Segment Open

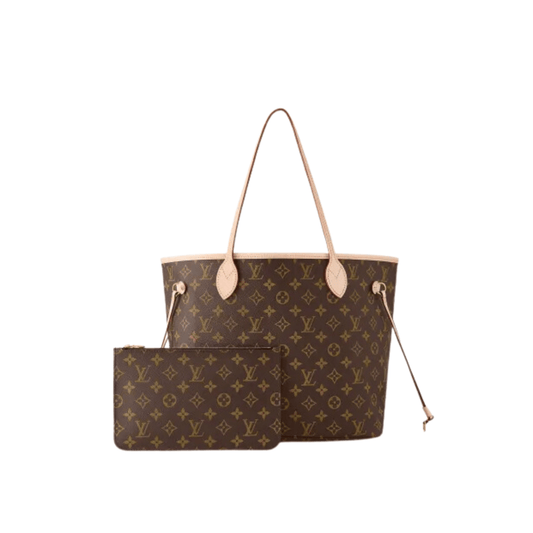 BORSA NEVERFULL MM TELA MONOGRAM / BEIGE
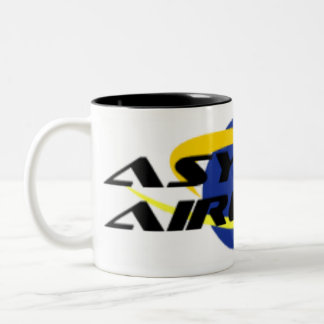 Asyl-Fluglinien kaffekrus, stor Zweifarbige Tasse
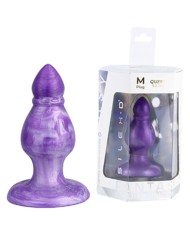 SILEXD QUEEN PLUG ANAL FANTASY SILICONA LIQUIDA TERMOREACTIVO LILA 92 CM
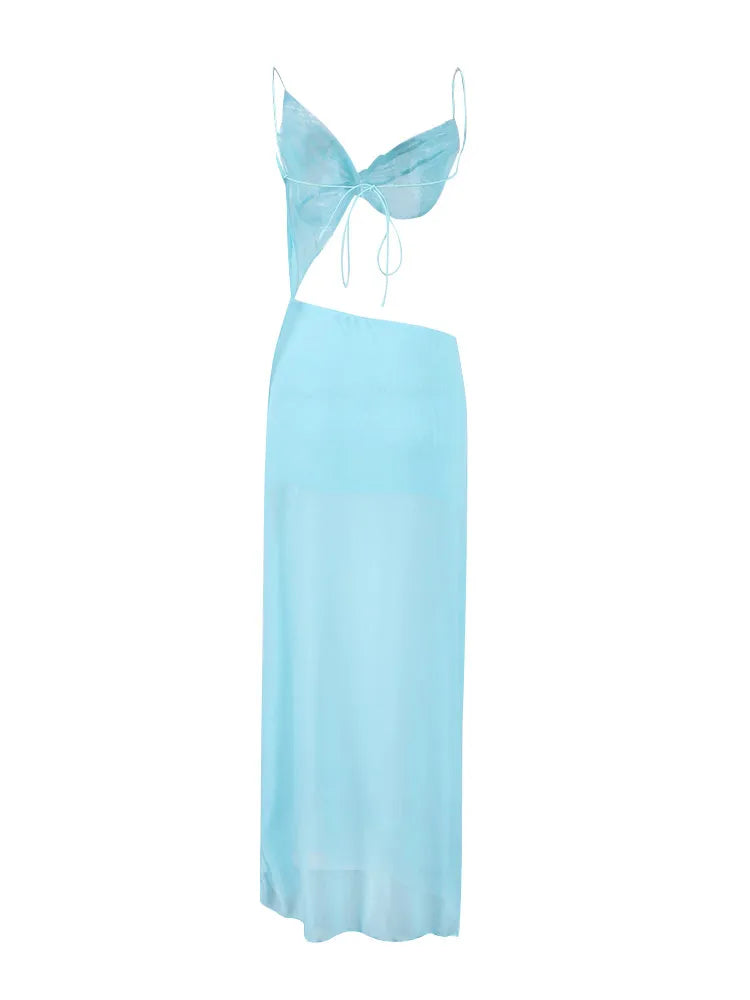 Ocean Bloom Vacation Gown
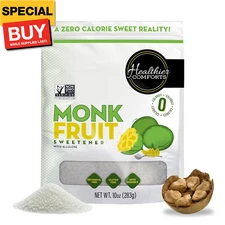 Monk Fruit with Granulated Allulose (No Erythritol) | All Natural Sugar Substitu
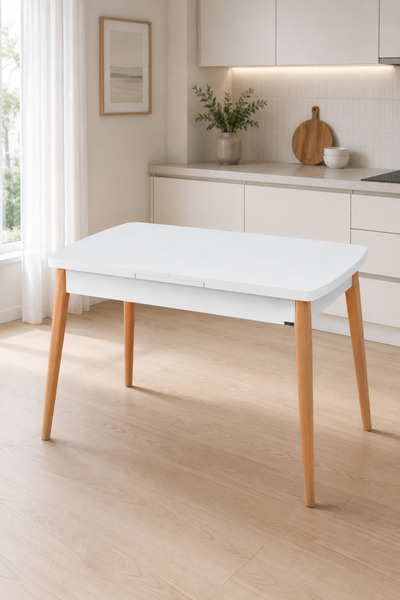 VİLİNZE Vilinze Avanos Ahşap Açılır Kapanır Mdf Mutfak Masası - 70x120+30 cm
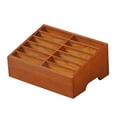 thumbnail image 3 of Siruishop Phone Storage Box Mobile Phone Management 12 Grid Decorative Rectangular Wooden Save Space Smartphone Storage Rack for Office Brown, 3 of 8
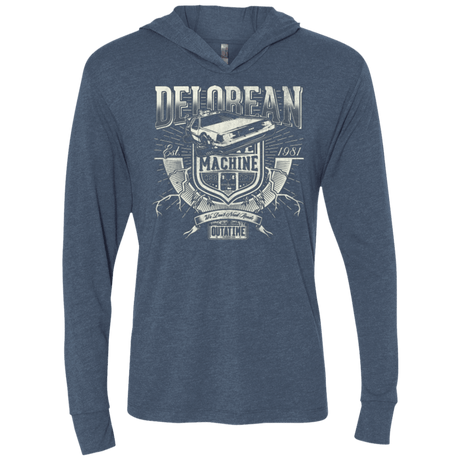 T-Shirts Indigo / X-Small Outa Time Triblend Long Sleeve Hoodie Tee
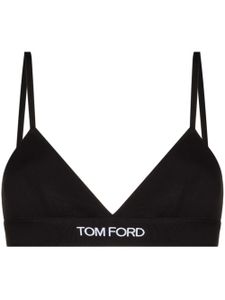 TOM FORD soutien-gorge à bande logo - Noir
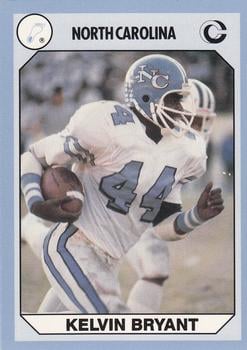 Kelvin Bryant Football Card (North Carolina) 1990 Collegiate Collection No.31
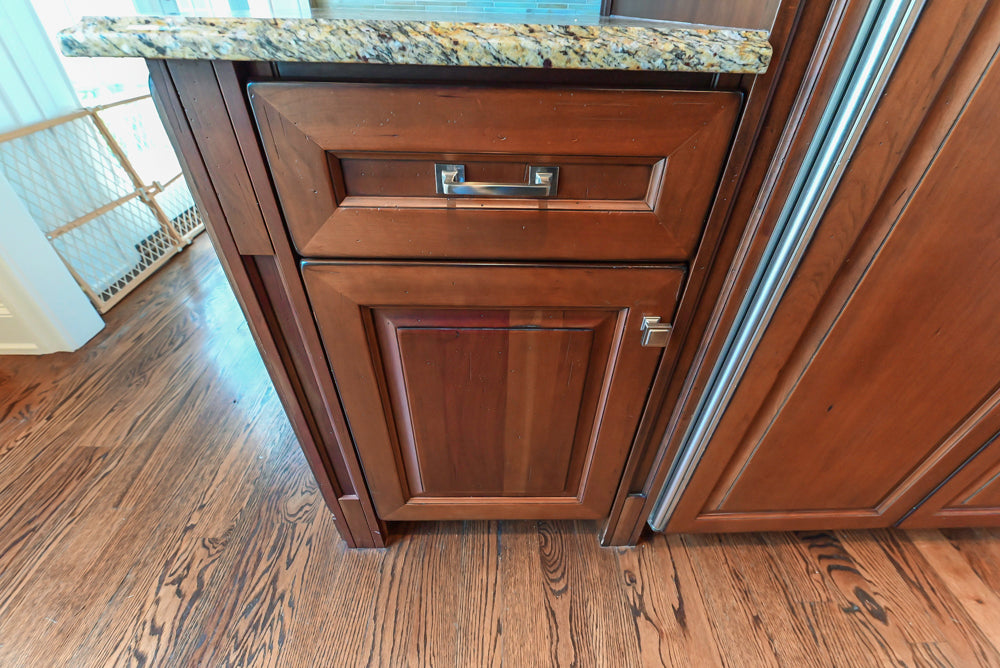 Century Traditional Cherry Kitchen with Granite Countertops and Sub-Zero and Wolf Appliances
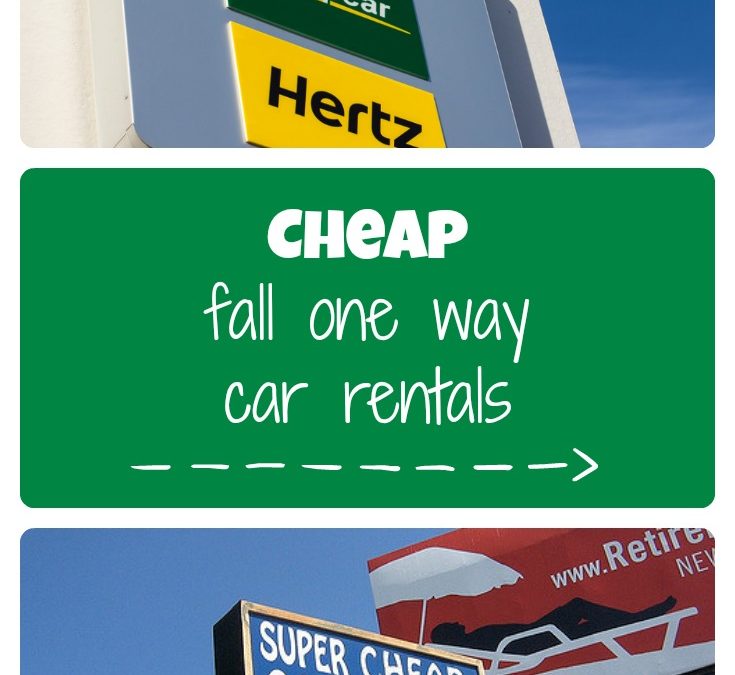 Cheap fall one way car rentals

Segment Closed

Aim of the exercise
Leave nothing out but the pictures when transcribing the records.

Solution
 BORSA NEVERFULL MM TELA MONOGRAM / BEIGE
 Asyl-Fluglinien kaffekrus, stor Zweifarbige Tasse
 SILEXD QUEEN PLUG ANAL FANTASY SILICONA LIQUIDA TERMOREACTIVO LILA 92 CM
 Ocean Bloom Vacation Gown
 Monk Fruit with Granulated Allulose (No Erythritol) | All Natural Sugar Substitu
 VİLİNZE Vilinze Avanos Ahşap Açılır Kapanır Mdf Mutfak Masası - 70x120+30 cm
 thumbnail image 3 of Siruishop Phone Storage Box Mobile Phone Management 12 Grid Decorative Rectangular Wooden Save Space Smartphone Storage Rack for Office Brown, 3 of 8
 T-Shirts Indigo / X-Small Outa Time Triblend Long Sleeve Hoodie Tee
 TOM FORD soutien-gorge à bande logo - Noir
 Kelvin Bryant Football Card (North Carolina) 1990 Collegiate Collection No.31
 Century Traditional Cherry Kitchen with Granite Countertops and Sub-Zero and Wolf Appliances
 Cheap fall one way car rentals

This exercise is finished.